Legato
Legato

GoFiler Legato Script Reference

 

Legato v 1.5e

Application v 5.25b

  

 

Chapter FiveGeneral Functions (continued)

5.8 Word Parsing

5.8.1 Overview

The Word Parse Object supports a series of functions that are specifically tailored to “parse” or process textual data. The general-purpose parse runs in three modes: text, tags and program. The text mode provides word parsing for reading general text. The tags mode is tailored to work on XML, HTML or SGML tags and character entities and finally a program mode that is tailored for working with typical program or script text.

The text mode basically stops on word spaces, returns (line endings), and punctuation with the textual information. It is up to the script program to perform any additional analysis.

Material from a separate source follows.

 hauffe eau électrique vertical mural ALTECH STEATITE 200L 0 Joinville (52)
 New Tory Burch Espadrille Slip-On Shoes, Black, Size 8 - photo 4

The tag mode is a basic SGML parser. It does not contain robust checking and error recovery, nor are there any provisions for DTD support. For a more expansive SGML parser, use the SGML Object which provides more complex and robust parsing. Tag mode is a simple parser and does not handle multiple lines unless a complete buffer with line endings is handed to the parse object. Other simple SGML functions to get components can be used to get the element and attributes.

Tag mode can be used with SGML and tag functions such as GetTagElement or GetTagAttributes.

Two programming modes are provided that stop on basic program syntax such as “==”, “+”, “=”, etc. In addition there is a program group mode that allows grouped items such as data in parenthesis, brackets and quotes to be grouped together.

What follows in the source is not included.